**Your objective**
Word for word, restate the lines from the one containing "GEMINI GOWN - BEADED" through the last line of the material, and include no pictures.

**Recorded data**
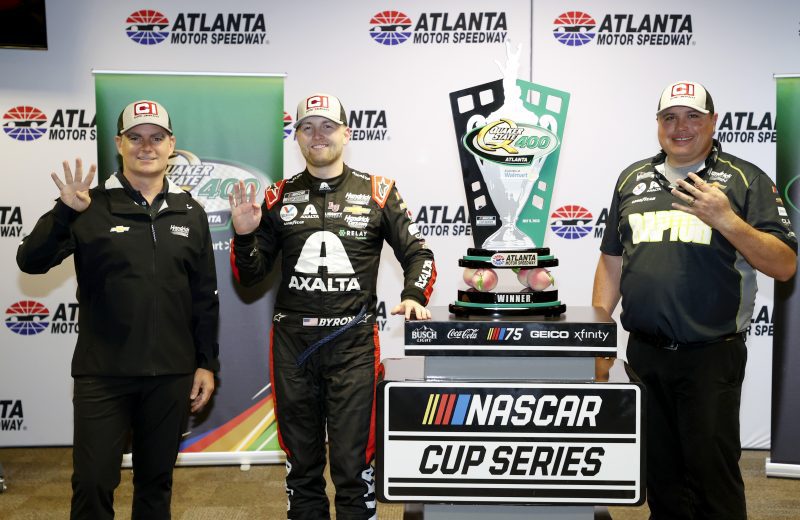 William Byron celebrates at win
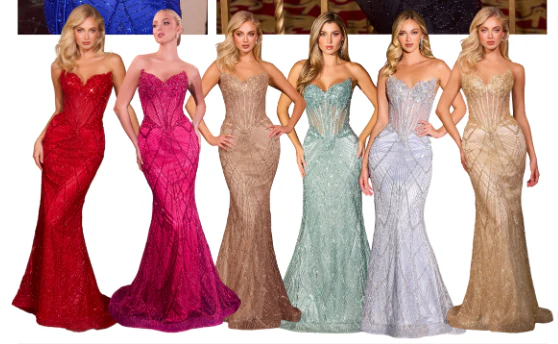 GEMINI GOWN - BEADED SEQUIN FITTED STRAPLESS GOWN - Image 17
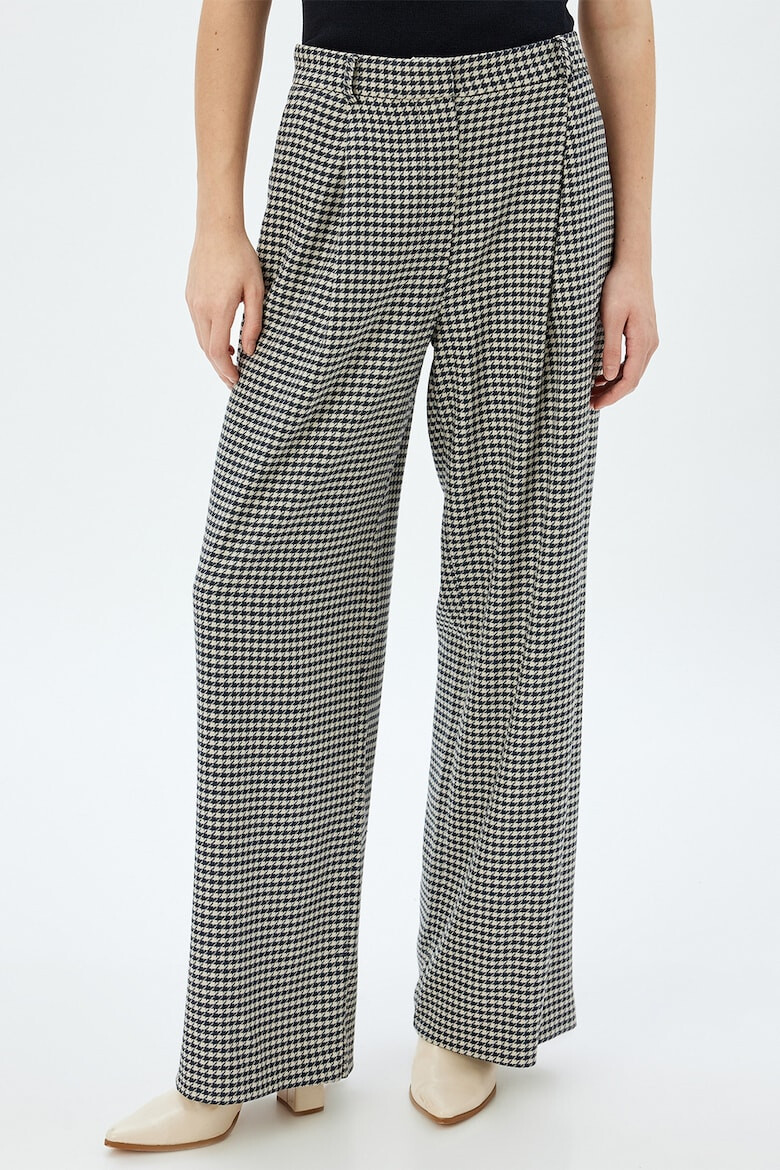 KOTON Pantaloni ampli cu model houndstooth - Pled.ro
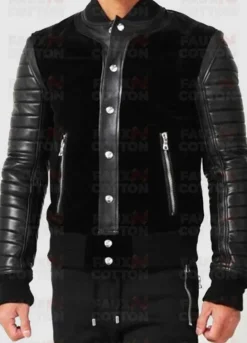 Black Suede With Sleeves Leather Bomber Jacket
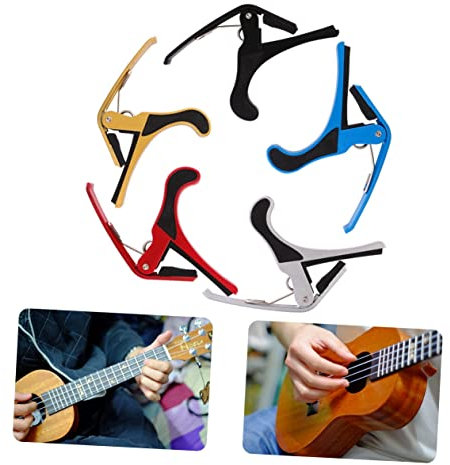 Parliky 5pcs Metal Guitar Capo Clip Tuner for Acoustic Folk Violin Ukulele Banjo Mandolin Easy to Use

**Solution to this exercise**
 GEMINI GOWN - BEADED SEQUIN FITTED STRAPLESS GOWN - Image 17
 KOTON Pantaloni ampli cu model houndstooth - Pled.ro
 Black Suede With Sleeves Leather Bomber Jacket
 Parliky 5pcs Metal Guitar Capo Clip Tuner for Acoustic Folk Violin Ukulele Banjo Mandolin Easy to Use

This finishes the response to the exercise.